§ What is being asked
Exactly reproduce the lines of the listing below from the one containing "Mobile Computer Desk" through the one containing "ÄSPERÖD - Side". Skip the images.
#### Data for analysis ####
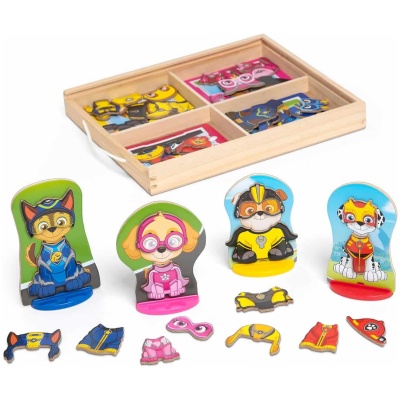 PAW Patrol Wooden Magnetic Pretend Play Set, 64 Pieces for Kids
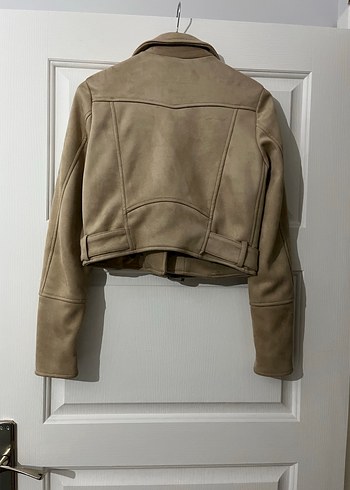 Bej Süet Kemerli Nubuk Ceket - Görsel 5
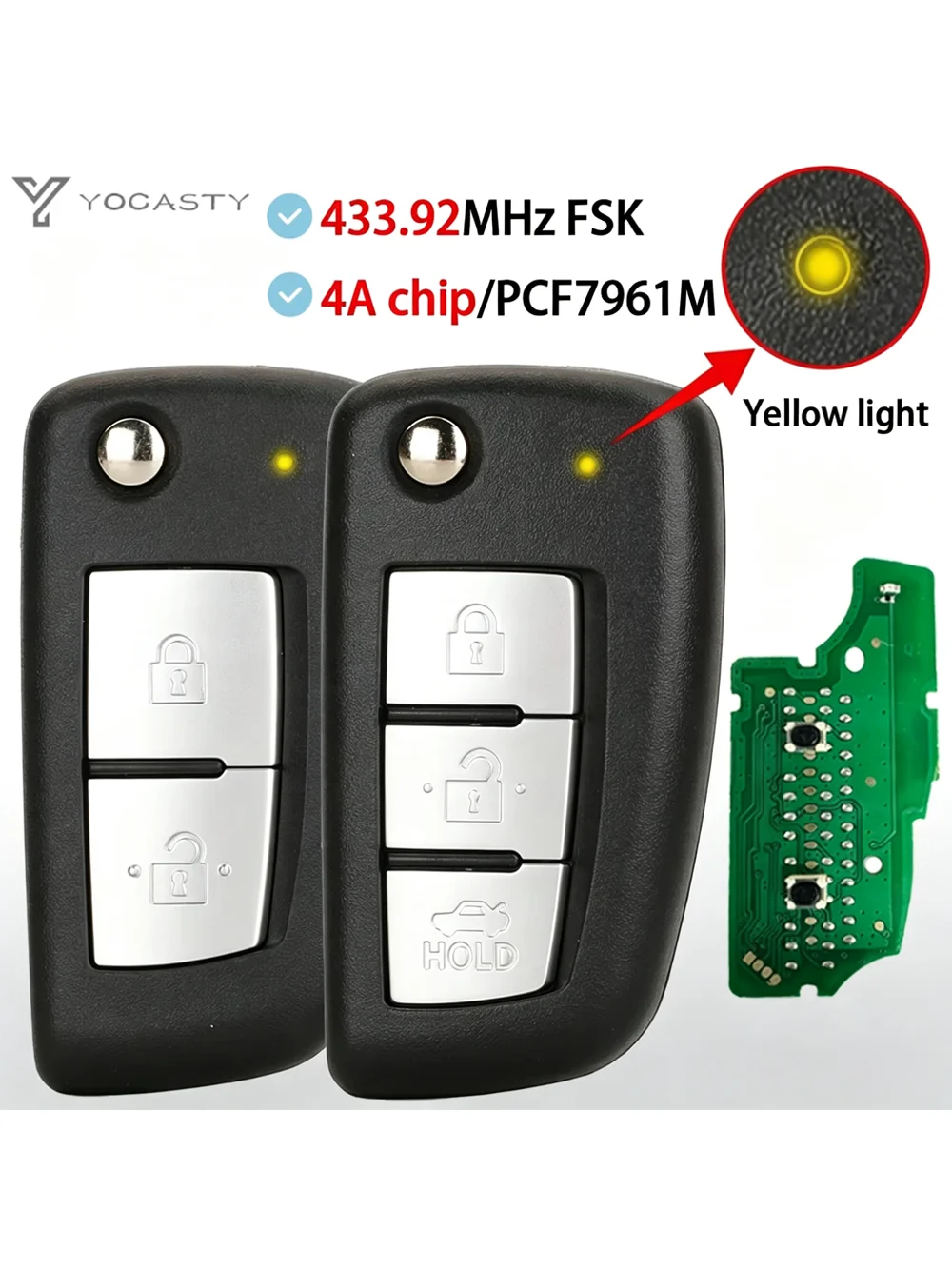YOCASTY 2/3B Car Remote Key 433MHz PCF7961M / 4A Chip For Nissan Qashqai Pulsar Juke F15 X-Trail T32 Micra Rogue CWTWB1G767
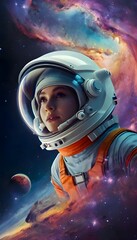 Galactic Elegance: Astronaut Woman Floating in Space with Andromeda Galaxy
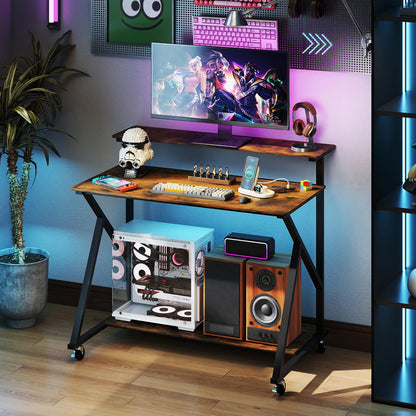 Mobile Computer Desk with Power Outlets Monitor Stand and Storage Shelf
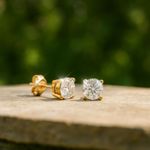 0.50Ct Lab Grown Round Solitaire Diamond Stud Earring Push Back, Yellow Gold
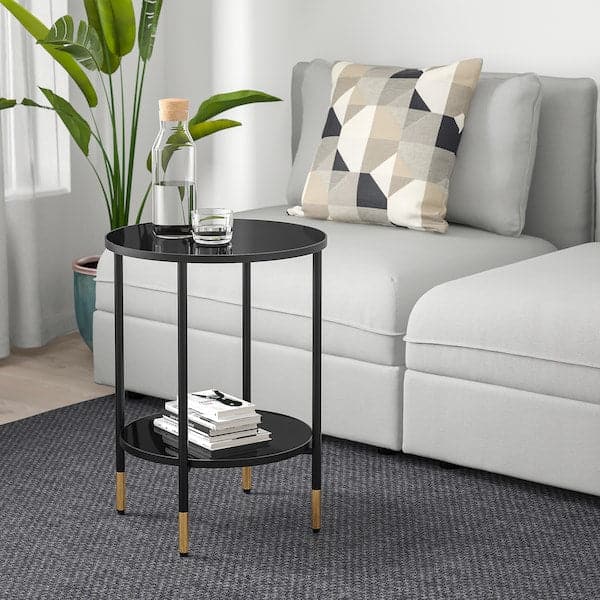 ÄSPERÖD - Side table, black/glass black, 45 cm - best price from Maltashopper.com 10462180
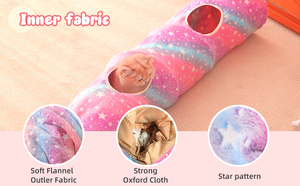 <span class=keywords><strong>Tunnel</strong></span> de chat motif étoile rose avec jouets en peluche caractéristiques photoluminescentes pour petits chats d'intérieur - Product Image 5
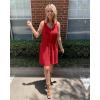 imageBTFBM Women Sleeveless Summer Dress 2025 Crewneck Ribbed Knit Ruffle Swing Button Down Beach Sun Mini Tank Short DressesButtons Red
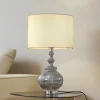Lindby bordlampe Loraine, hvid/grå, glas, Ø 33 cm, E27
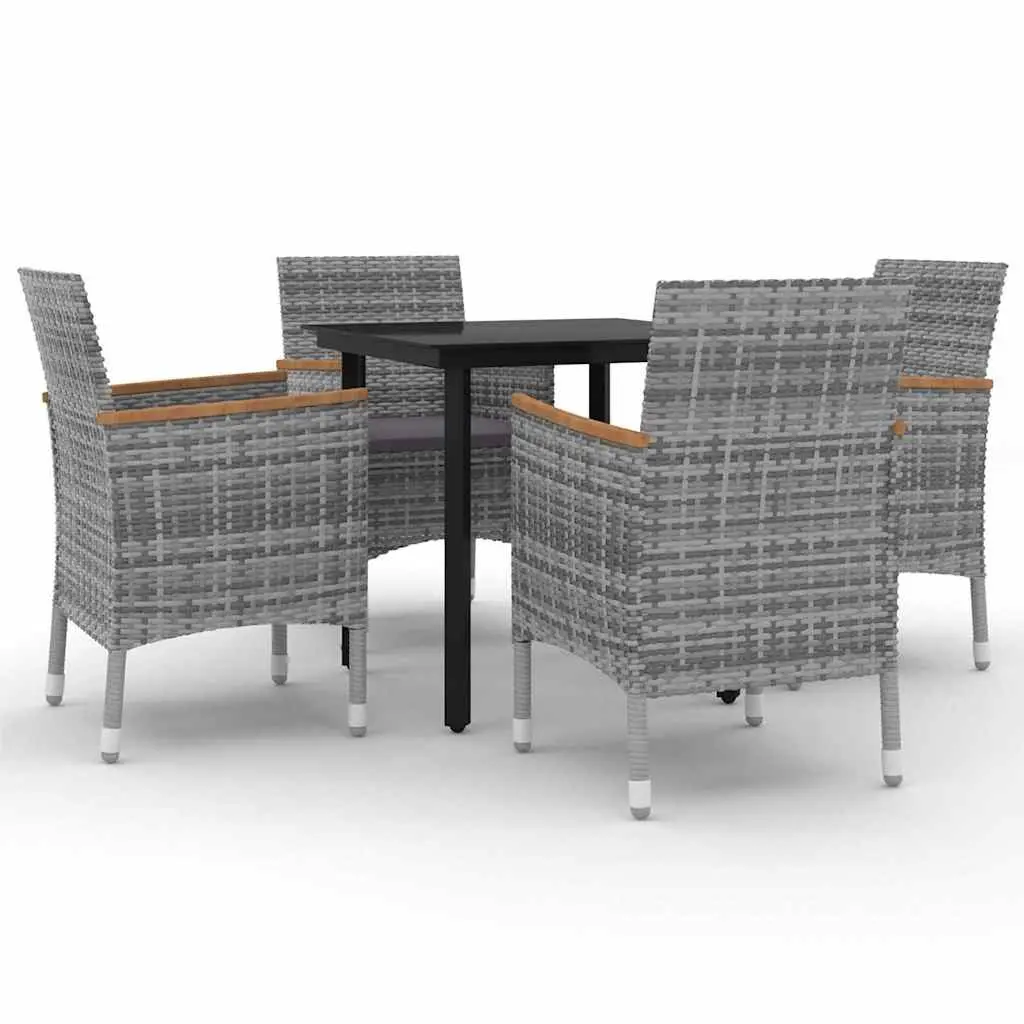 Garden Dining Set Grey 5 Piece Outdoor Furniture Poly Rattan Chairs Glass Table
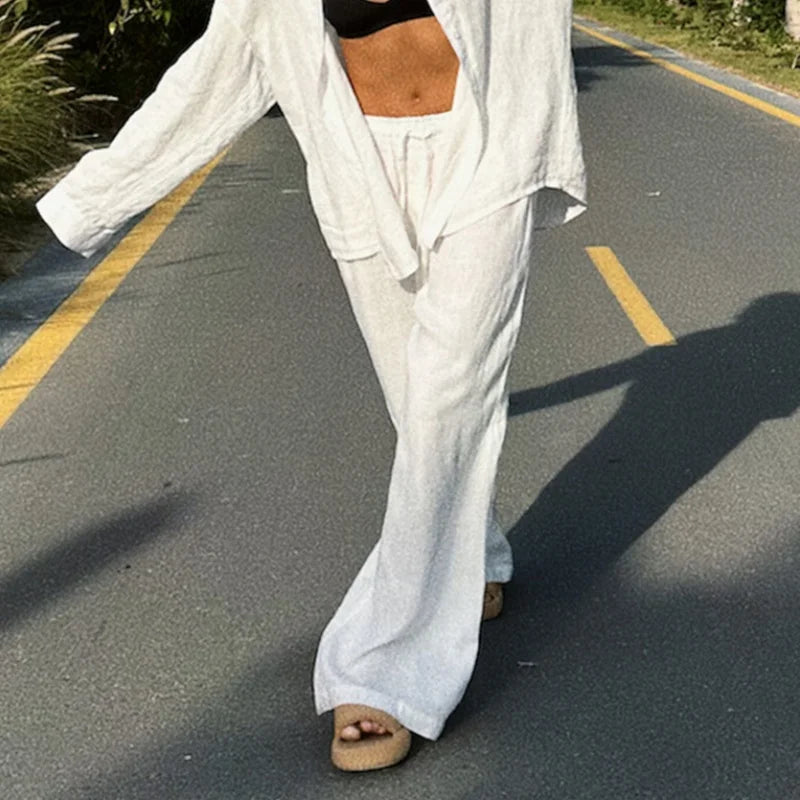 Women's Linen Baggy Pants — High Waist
####
#### Data for analysis ####
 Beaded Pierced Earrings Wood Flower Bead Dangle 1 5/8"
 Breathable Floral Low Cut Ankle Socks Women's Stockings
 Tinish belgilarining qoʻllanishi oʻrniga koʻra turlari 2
####
#### Data for analysis ####
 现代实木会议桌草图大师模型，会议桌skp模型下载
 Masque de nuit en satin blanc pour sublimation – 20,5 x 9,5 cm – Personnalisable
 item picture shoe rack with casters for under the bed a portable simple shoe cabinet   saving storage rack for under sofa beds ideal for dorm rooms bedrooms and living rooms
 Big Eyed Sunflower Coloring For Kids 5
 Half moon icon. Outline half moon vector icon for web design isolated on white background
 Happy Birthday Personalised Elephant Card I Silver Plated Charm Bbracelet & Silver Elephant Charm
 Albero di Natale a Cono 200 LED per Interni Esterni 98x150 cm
####
§ Exercise output
 Mobile Computer Desk with Power Outlets Monitor Stand and Storage Shelf
 0.50Ct Lab Grown Round Solitaire Diamond Stud Earring Push Back, Yellow Gold
 ÄSPERÖD - Side table, black/glass black, 45 cm - best price from Maltashopper.com 10462180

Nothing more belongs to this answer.